In the beginning of the culture-whole the Avatar utters the words of power and enacts the life-ritual from which the great symbols of the culture will be drawn and made into concrete forms—forms that will be the foundations of religious institutions and of the art that inspirits, rather than merely reflects and mirrors, the developing culture. The Revelation occurs as the old parental culture has reached its final state of maturity and begins to crystallize and/or decay. Gradually minds which have become open to this Revelation reformulate and interpret its premises and the new vision of the divine-human relationship it evokes. They bring the creative Word down to the level of the collective psyche of the people who will become the substance of the new Society. They do this in at least two phases. During the first the new formulations must be such as to fascinate the discontented, the mentally bored and the socially oppressed, and to raise if need be a crop of martyrs, and in any case of apostolic men and women; this, within the pale of the dying world. Later on, after this world has collapsed, a reformulation process becomes imperative so as to provide a stabilizing but still chaotic sociopolitical situation with future-oriented goals which nevertheless do not basically surpass the mental level of the gradually converted people.

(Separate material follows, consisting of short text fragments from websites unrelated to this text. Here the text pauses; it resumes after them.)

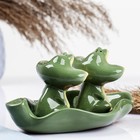Набор для специй Кунгурская керамика «Лягушки», 2 предмета на подставке: солонка, перечница, зелёная - Фото 4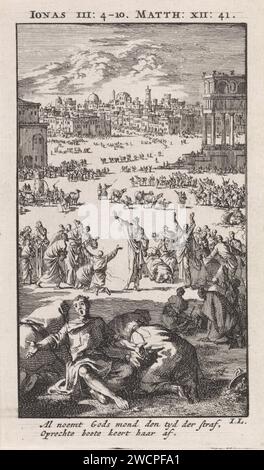 Jona predicts the downfall of Nineve, Jan Luyken, 1712 print  Amsterdam paper etching when Jonah arrives in the city of Nineveh he foretells its destruction in forty days Stock Photo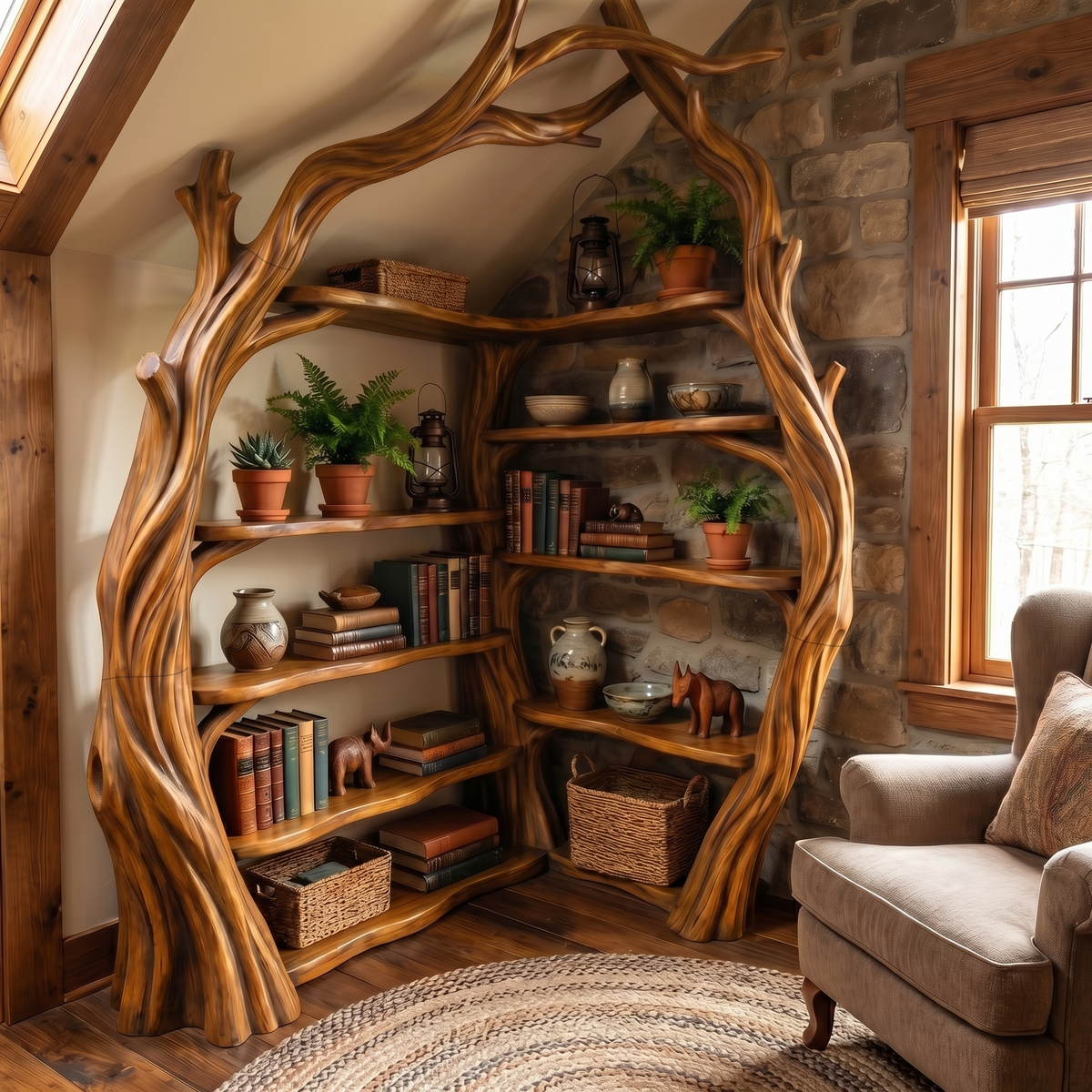 Tree Wall Bookshelf Corner Storage Bookcase Wooden Display Shelf For Living Room Bedroom Decor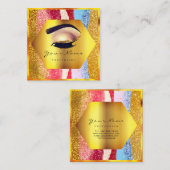 Professionele make-up artiest wimper extensie brow vierkante visitekaartje (Voorkant / Achterkant)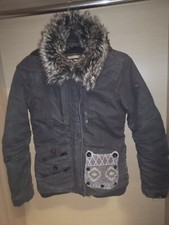Khujo Womens Grey Cotton Padded Hooded Heavy Thick Jacket Coat Size Medium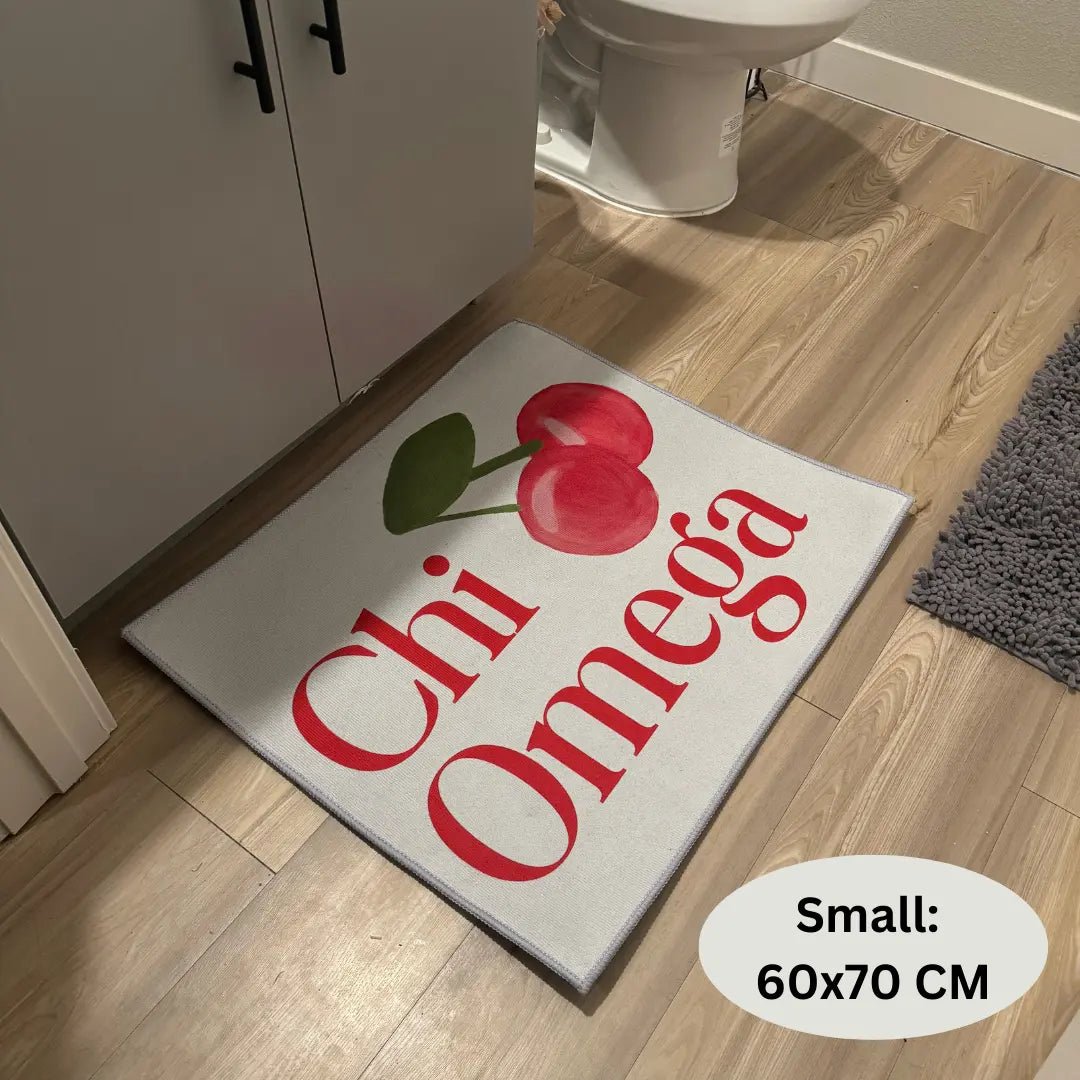 Chi Omega Custom Sorority Rug – Official Sorority Design with Cherry Motif - Custom Rug | Sirenicate Rugs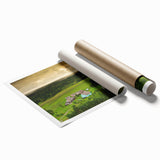 Extra large rolled print featuring a serene Lithuanian landscape with soft floral elements.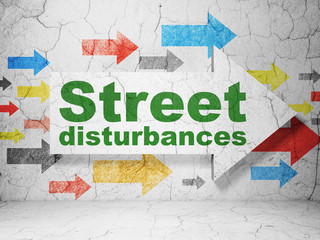 Politics concept: arrow with Street Disturbances on grunge wall background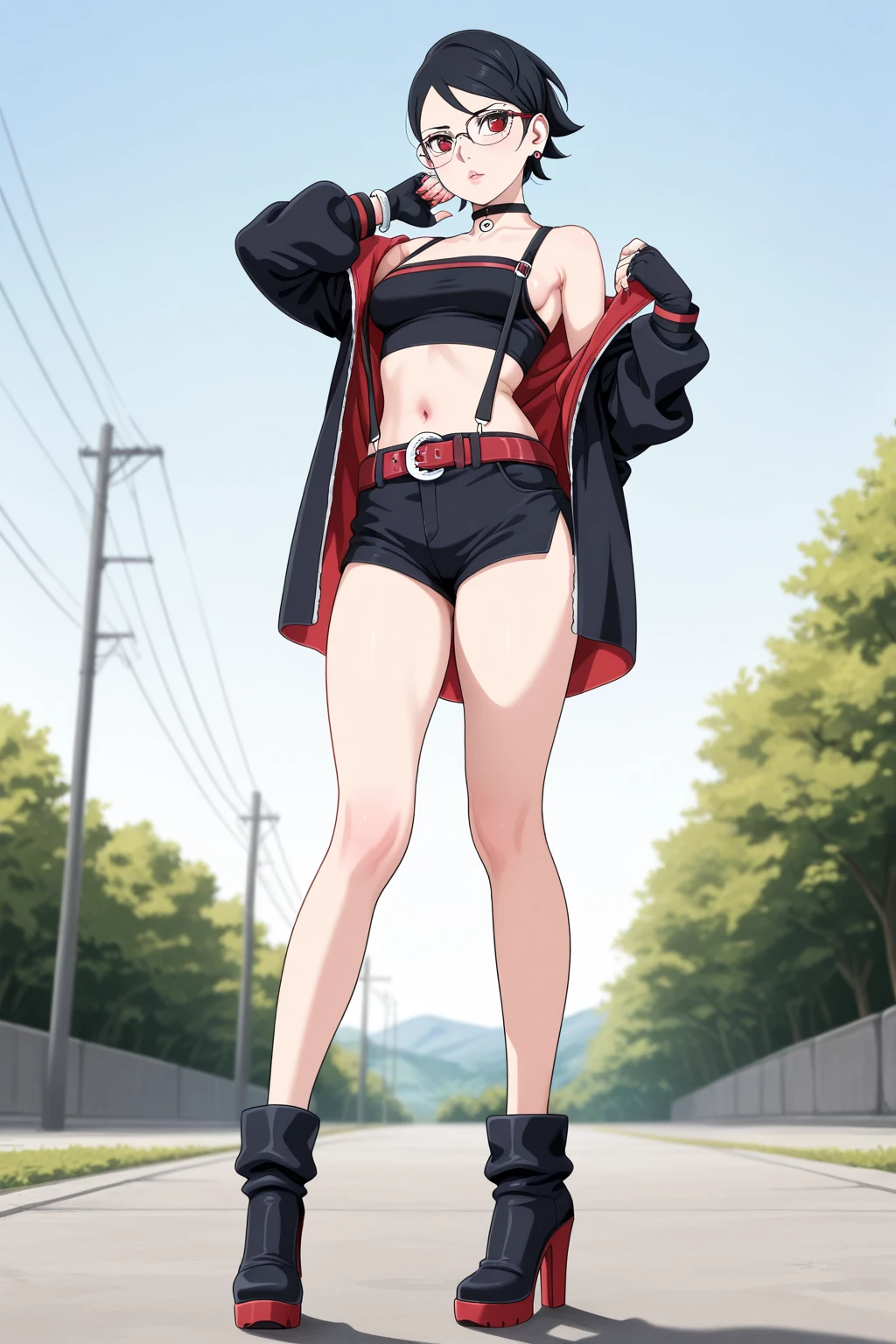 score_9, score_8_up, score_7_up, score_6_up, score_5_up, score_4_up, BREAK,blunt bangs,Gray Hair,Yellow Eyes,ponytail,big breasts,,Overflowing breasts,cap,Sports bra,Jacket,Shorts,.boots,Street fashion,Erect nipples,Underboob,White background,Are standing,Used Condoms,fine anime screencap_xl, anime screencap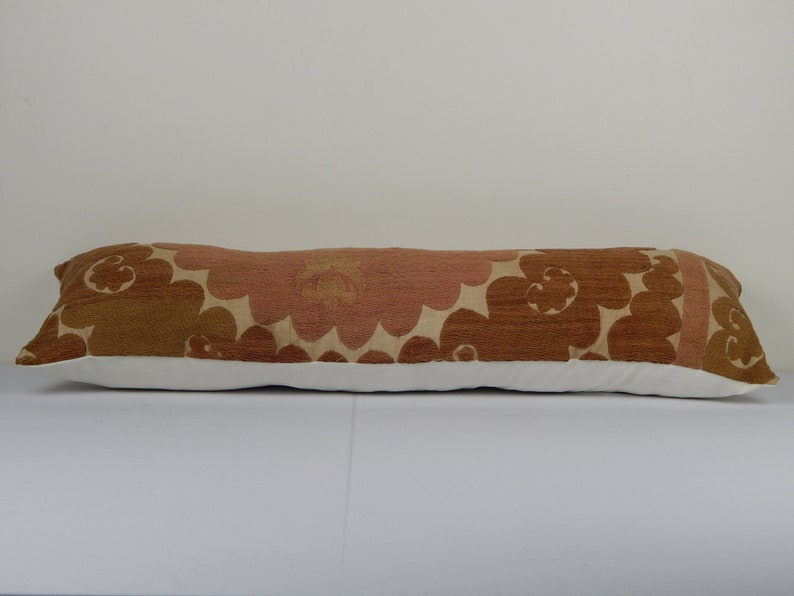 Extra Long Pink Suzani Cushion Cover Tribal House Decor 12 x 36 Handmade embroidered textile from Uzbekistan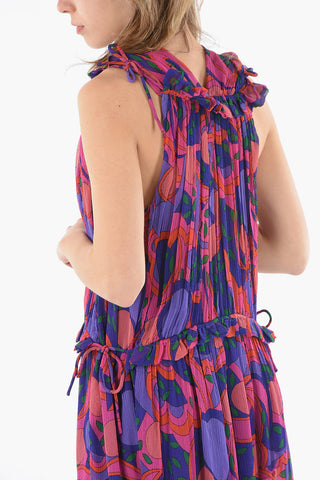 Silk-chiffon ALSAW Sleeveless Dress with Waist Drawstring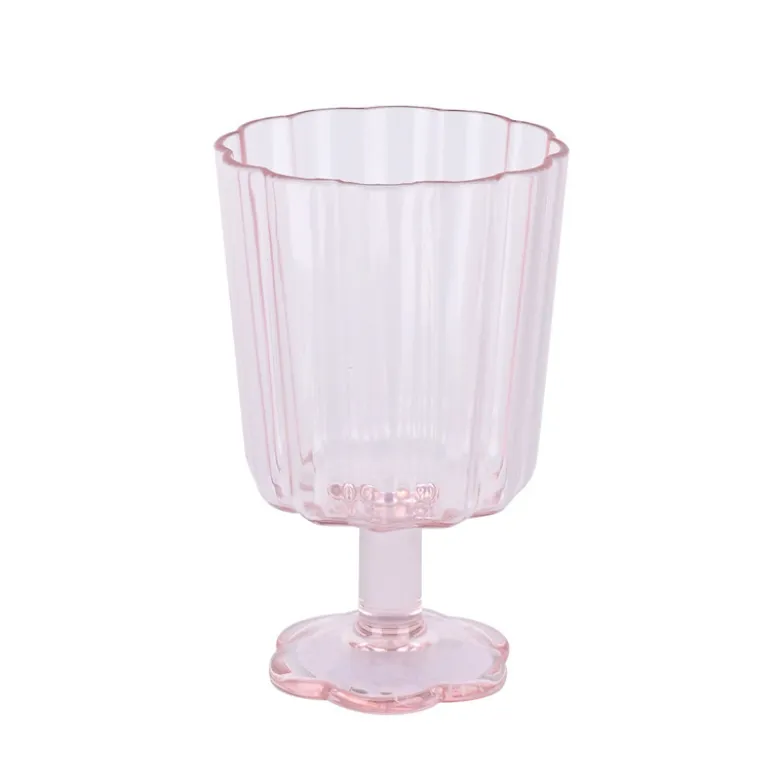 Verre a vin plastique fleur pink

This is an involutionary process, because it is truly the involvement of the original impulse and power in the new and raw material now available. It is a descent of spirit into matter, and also of the sacred into the religious, the creative into the institutionalized. From the point of view of art this process is not to be forgotten, for it plays a fundamental role in the preparation of the materials which the builders of the great cultural forms will use after the mid-point of the cycle—thus in Europe after the year 1000. Then the evolution of the "art-whole," which is the exteriorization of the soul of the culture-whole, begins. Such an evolution proceeds at first by using as an inspiration the life deeds of some great personage and of those surrounding him; in the case of the European culture, mainly the deeds of Charlemagne, who not only definitely stopped the northward tide of the Moors from Spain, but who defined, then divided between his sons, the field of space within which Europe was to grow through endless internecine conflicts.

The Evolution of Cultural Forms

What was then well defined before the cycle's midpoint became an intensely alive field from which a new cultural vegetation began to rise. It blossomed in the Gothic cathedral in which all arts found themselves interrelated into a meaningful Christward union, and also for a brief moment in the partially and briefly realized concept of a Rome-centered Republic, a Christiana (the Holy See, as envisioned in the eleventh century by Hildebrand who became Pope Gregory VII).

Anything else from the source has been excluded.